(Brief descriptive captions)
*** Begin section ***

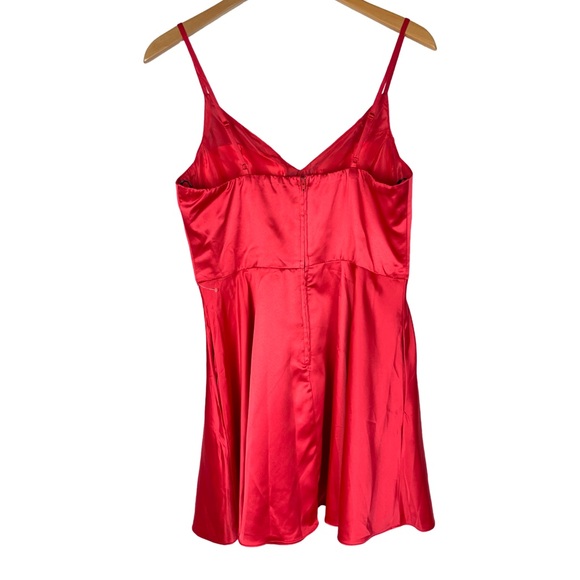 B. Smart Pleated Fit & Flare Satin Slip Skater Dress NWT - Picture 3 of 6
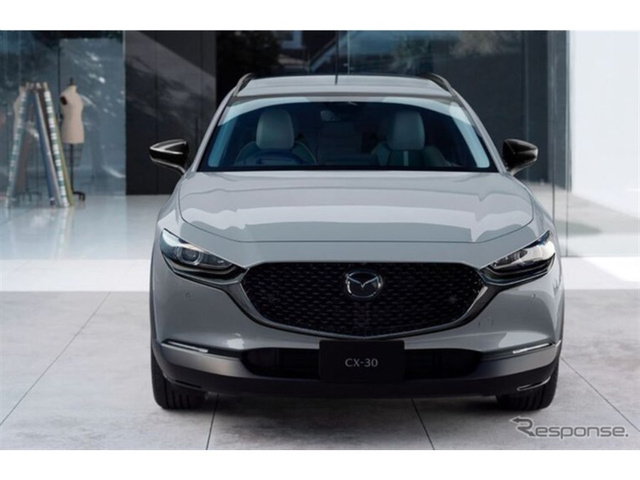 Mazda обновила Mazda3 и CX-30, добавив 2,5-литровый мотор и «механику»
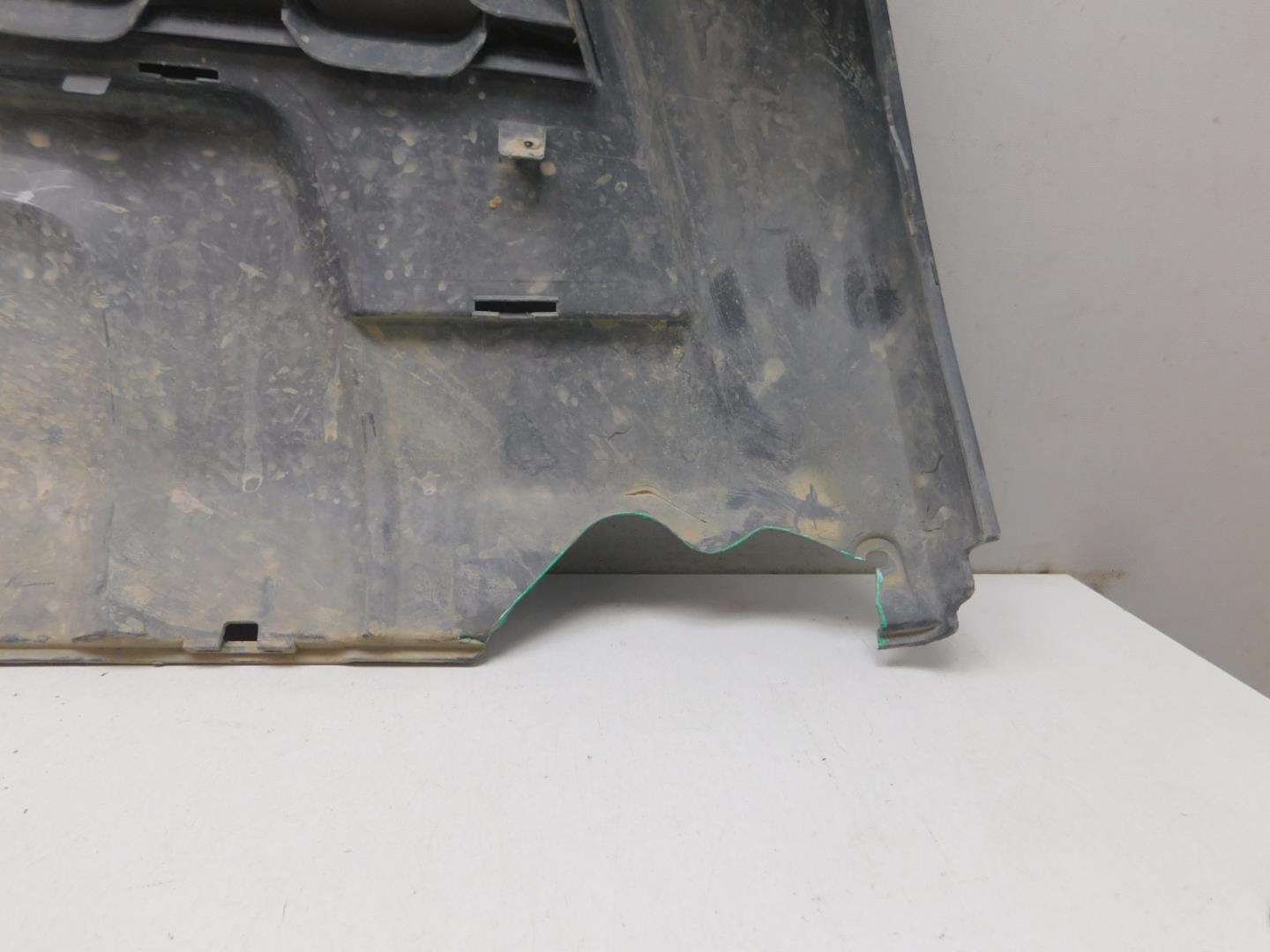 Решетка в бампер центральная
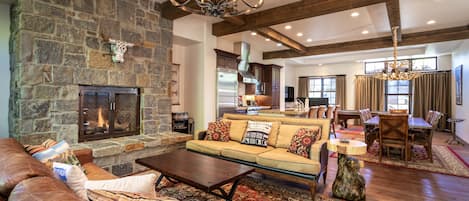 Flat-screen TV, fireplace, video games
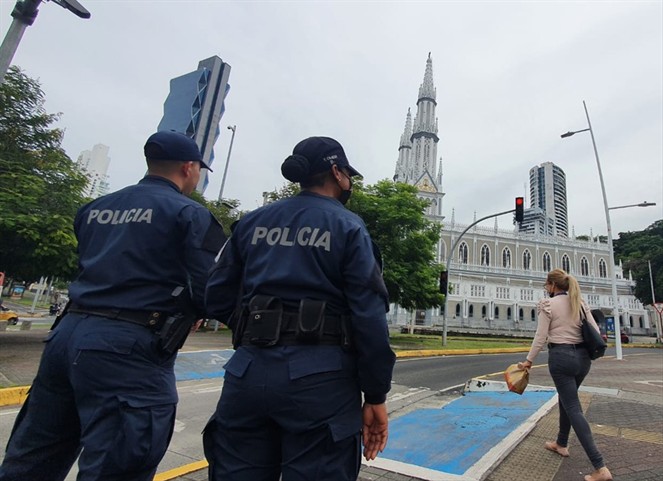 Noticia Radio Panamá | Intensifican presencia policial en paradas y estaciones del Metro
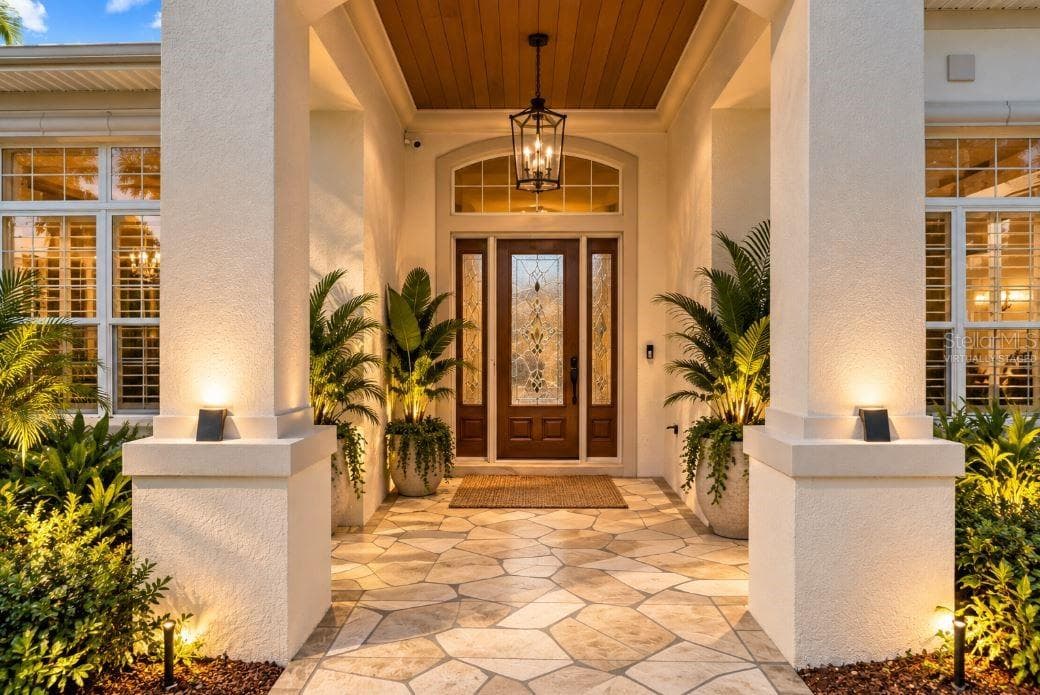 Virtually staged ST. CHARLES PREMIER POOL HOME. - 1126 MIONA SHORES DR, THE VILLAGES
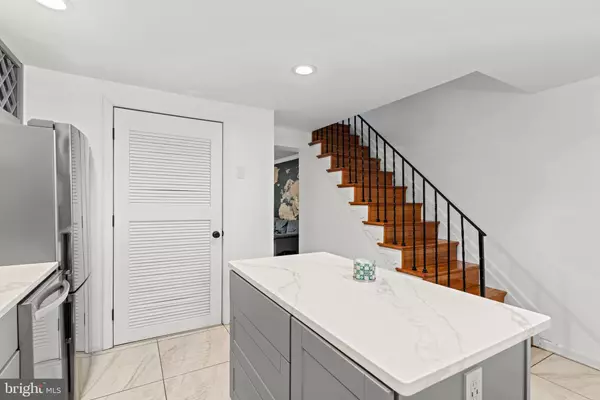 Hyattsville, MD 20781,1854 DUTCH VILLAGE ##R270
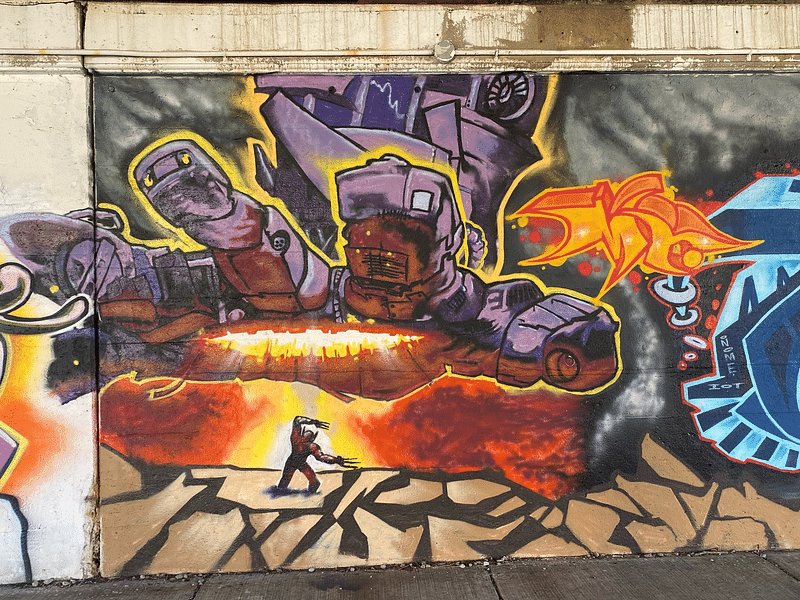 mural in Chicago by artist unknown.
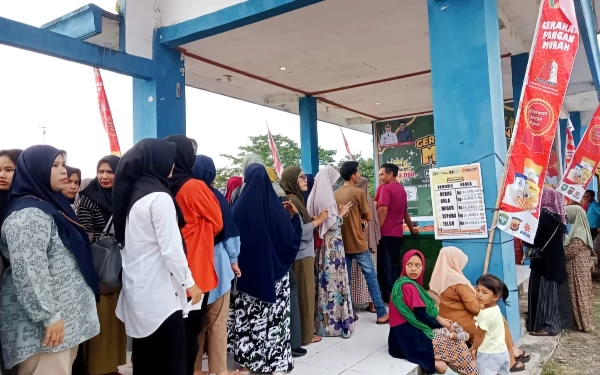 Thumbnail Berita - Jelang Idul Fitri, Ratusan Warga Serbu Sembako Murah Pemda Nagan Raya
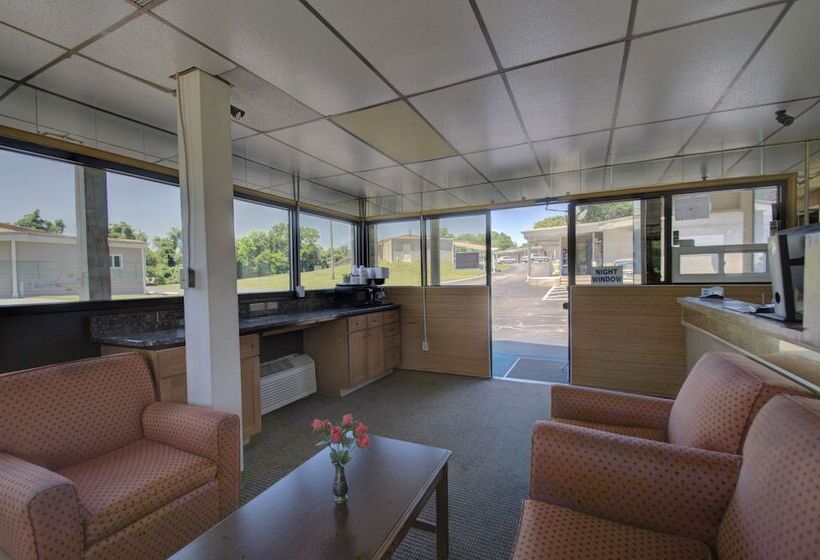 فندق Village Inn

*** End section ***

### Your instructions
Word for word, retype the lines in the entries above that run from the one with "Mazda обновила Mazda3" through the one with "Noticia Radio Panamá". Both ends count; pictures do not.

### Expected output
 Mazda обновила Mazda3 и CX-30, добавив 2,5-литровый мотор и «механику»
 Решетка в бампер центральная
 Flat-screen TV, fireplace, video games
 Noticia Radio Panamá | Intensifican presencia policial en paradas y estaciones del Metro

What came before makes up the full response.